Use the files `cheaters.txt` and `team_ids.txt` to estimate how often cheaters (regardless of when exactly they started cheating) end up on the same team. Your output should say how many teams have 0, 1, 2, 3, or 4 cheaters.

Now, randomly shuffle the team ids among the players in a match. Repeat this 20 times and estimate the expected counts as before. Output the mean and the 95% confidence intervals for the expected counts. 

### Preparing data

In [7]:
match_teams_cheaters, match_teams, match_players = slicing_teams(teams_txt, cheaters_dic)

### Determining numbers of cheaters on each team in *original* data

In [8]:
# Calculate the number of cheaters on each team per match
cheater_count, teams_count = cheaters_per_team(match_teams, match_teams_cheaters)

In [9]:
# Record team cheater values in a counter dictionary
cheaters_teams_actual = team_counter(cheater_count, teams_count)

### Determining expected number of cheaters in teams in *randomised* data

In [10]:
t_shfl = copy.deepcopy(teams_txt)

In [12]:
cheater_count_list = [[] for x in range(len(cheaters_teams_actual))]

for i in range(20):
    
    # Shuffling the order of team players and reassigning to new
    t_shfl = team_players_shfl(t_shfl, match_players)
    
    # Prepare shuffled data
    match_teams_cheaters_shfl, match_teams_shfl, match_players = slicing_teams(t_shfl, cheaters_dic)   
    
    # Calculate cheaters per team with shuffled data
    cheater_count, teams_count = cheaters_per_team(match_teams_shfl, match_teams_cheaters_shfl)
    
    # Creation of counter dictionary
    cheaters_teams = team_counter(cheater_count, teams_count)
    
    # Add values of counter to a list which stores all values
    for j, l in cheaters_teams.most_common():
        cheater_count_list[j].append(l)      

### Output

In [13]:
print_counter(cheaters_teams_actual.most_common())

Teams with 0 cheaters
Actual: 170782

Teams with 1 cheater
Actual: 3199

Teams with 2 cheaters
Actual: 182

Teams with 3 cheaters
Actual: 9

Teams with 4 cheaters
Actual: 2



In [14]:
print_counter_expected(cheater_count_list)

Teams with 0 cheaters
Expected (mean) (rounded): 170609.1
95% Confidence Interval (rounded): (170606.8, 170611.4)

Teams with 1 cheater
Expected (mean) (rounded): 3531.9
95% Confidence Interval (rounded): (3527.4, 3536.4)

Teams with 2 cheaters
Expected (mean) (rounded): 32.9
95% Confidence Interval (rounded): (30.6, 35.2)

Teams with 3 cheaters
Expected (mean) (rounded): 1.0
95% Confidence Interval (rounded): (1.0, 1.0)

There are no teams with 4 cheaters.


### 2. Do victims of cheating start cheating?

Use the files `cheaters.txt` and `kills.txt` to count how many players got killed by an active cheater on at least one occasion and then started cheating. Specifically, we are interested in situations where:

1. Player B has started cheating but player A is not cheating.
2. Player B kills player A.
3. At some point afterwards, player A starts cheating.

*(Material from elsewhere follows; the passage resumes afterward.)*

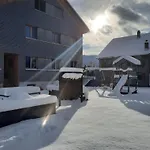 Apartament Landerleben *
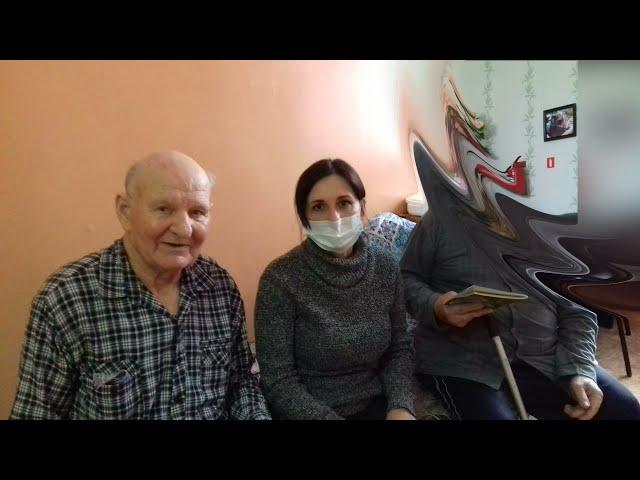 Библиотека – центр развития и досуга пожилых людей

Output the count in the data. 

Then, simulate alternative worlds in which everything is the same but the events took somewhat different sequence. To do so, randomize within a game, keeping the timing and structure of interactions but shuffling the player ids. Generate 20 randomizations like this and estimate the expected count of victims of cheating who start cheating as before. Output the mean and the 95% confidence interval for the expected count in these randomized worlds.

#### Hint

Starting time of cheating is estimated as a date, so assume that a player cheats on any match that they started playing on that date or afterwards. Use the match starting date so that if the match started before midnight of the cheating date but ended after midnight, we will assume that the player was not cheating just yet. 


### Preparing data

In [15]:
# Creation of directory elements
match_cheaters, match_events, match_date, match_victims, match_players = create_directory(kills_txt, cheaters_dic)

In [16]:
# Grouping of directory elements into the directory itself
match_library = {x:[match_cheaters[x],
                    sorted(match_events[x], key=itemgetter(2)),
                    match_date[x], 
                    match_victims[x]] for x in all_matches_kills}

In [17]:
# Player lists and shuffled player lists in values of dic
swap_players = create_shuffle_swap(match_players)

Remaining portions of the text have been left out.